Economist warns of US housing downturn. I can guarantee it

Today’s Financial Times has this piece:

There will be fresh economic shocks on the scale of the current credit squeeze if US house prices continue to fall, one of the country’s leading housing experts warned on Wednesday.

“The decline in house prices stands to create future dislocations, like the credit crisis we have just seen,” Robert Shiller, a Yale economist, told a Senate panel on Wednesday.

There were fresh signs of weakness ahead for the housing sector as figures showed applications for building permits fell to a 12-year-low.

Almost all of our recent wealth, not to mention the very reason why common sense and risk aversion went out the window over the last decade, has been appreciating house values.
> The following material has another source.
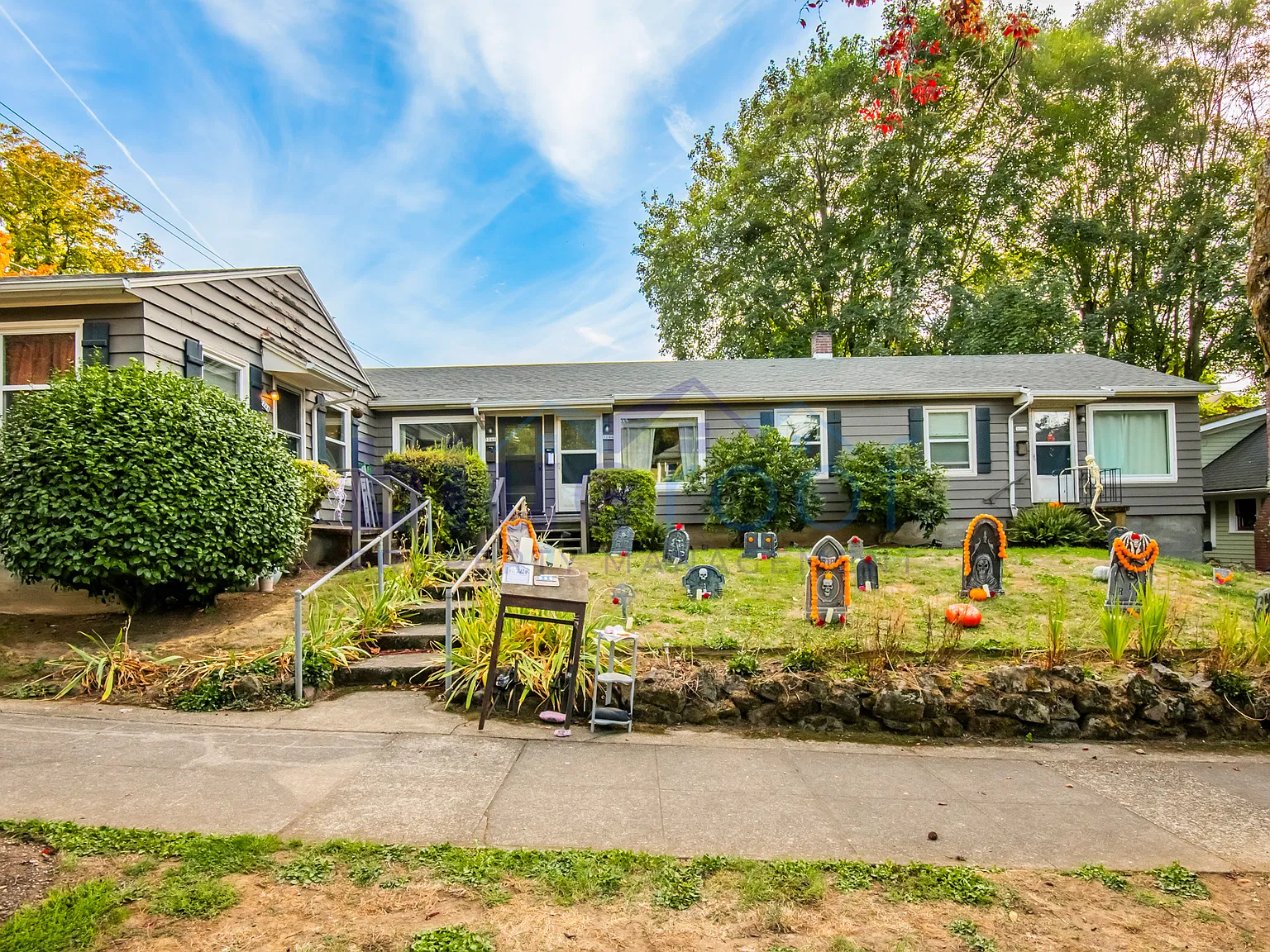 3242-3248 SE Alder Ct — Photo 2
With house prices (and, by extension, home equity into which we could tap) ever-increasing, even the worst candidates could secure, and maintain, a mortgage.

The trouble is that the cliff isn’t under those clouds, and the second Wile. E. Coyote looks down, so does he go.
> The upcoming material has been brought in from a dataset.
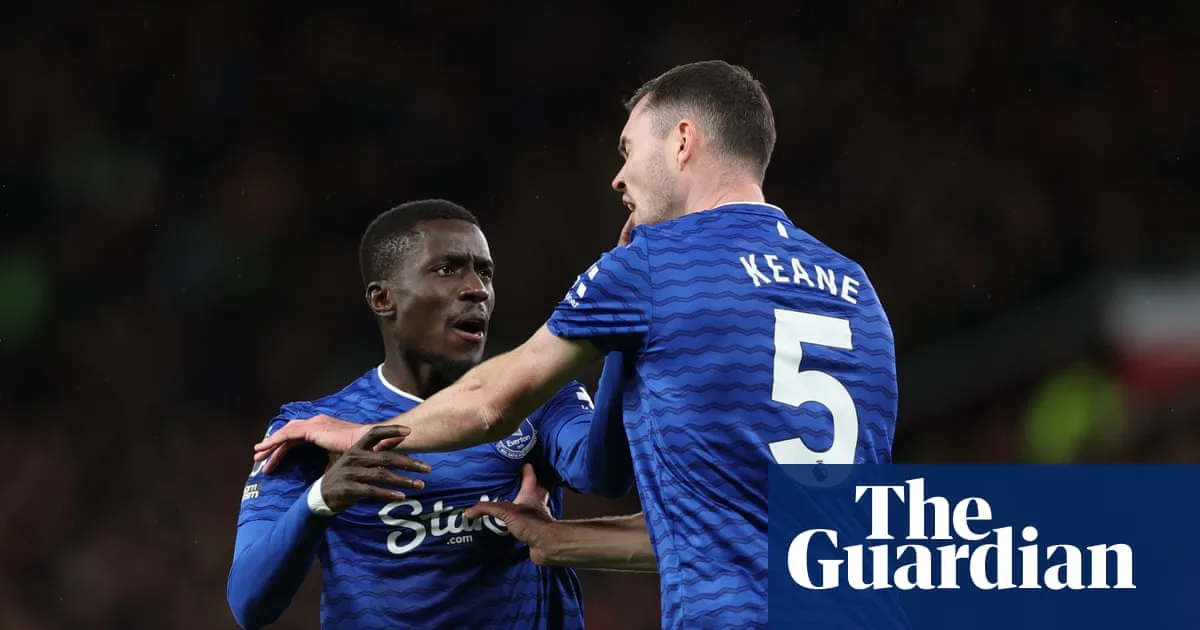 Idrissa Gueye Apologises to Teammates After Red Card for Slapping Michael Keane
Here’s something picked up last week from the blog the Big Picture:

Big Picture Home inventories

My first-year Eco 1 students could follow this, so surely the media can. For all that we’ve have previous down-turns, vacancy rates and inventories were not what they are. House prices are not going to stay high, because there is far greater supply, while (if/as we enter a recession) far less demand. Rental property vacancies can expect to be squeezed no end, in the next year or so. Banks should probably just plan on becoming landlords, with all those houses they took back but aren’t trying to sell.

Meanwhile, oil is comfortable above USD82 a barrel, it seems:

Crude oil on Wednesday jumped to a fresh all-time of $82.51 after a larger-than-expected US crude oil inventories decline last week.
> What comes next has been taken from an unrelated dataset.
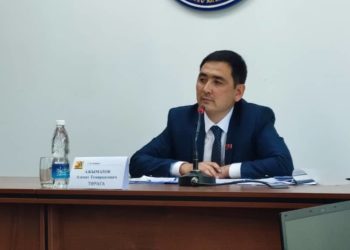 «Аза, иштеше албайт экенбиз». Кара-Балта шаардык кеңешинин депутаттары төрагага ишеним көрсөтүшкөн жок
Worries about a potential tropical storm heading to the oil-rich Gulf of Mexico, some investors covering previous bearish bets and the US Federal Reserve interest rate cut also helped to push up prices.

In New York, Nymex October West Texas Intermediate rose to an intraday record high of $82.51 a barrel. It later was trading 95 cents higher at $82.46 a barrel.

In London, ICE November Brent rose to $78.49 a barrel and later traded 41 cents higher at $78.0 a barrel.

This is, of course, while the affordability of oil declines with the US dollar (Fred Thompson’s great idea of drilling in the Everglades notwithstanding).

So you, living out there in your exurbs: don’t even think of returning to New York City, you bastards. My rent is high enough already. This is apropos vacancy rates. Our cities can look forward to seeing more and more of the people for whom those cities weren’t good enough changing their minds, returning and looking for space. For the people still there, this will not come as good news.

Meanwhile, we still see more of the same:

”Overall, the figures support the idea that inflation is much less of a concern than it was six months ago,” said Paul Ashworth, an economist at Capital Economics.

”The Fed is lucky that inflation is beginning to behave itself again, because the housing market is in desperate need of some monetary stimulus,” he added.

I don’t care about how much of a concern inflation was six months ago – how about six months from now? It isn’t “beginning to behave itself again”, just because it’s currently doing what we like. One might as well relax in Baghdad because militias are turning on Al Qaeda instead of blowing us to hell. Nothing’s behaving itself anymore, and most likely won’t for a while. Now is the time to load up and prepare.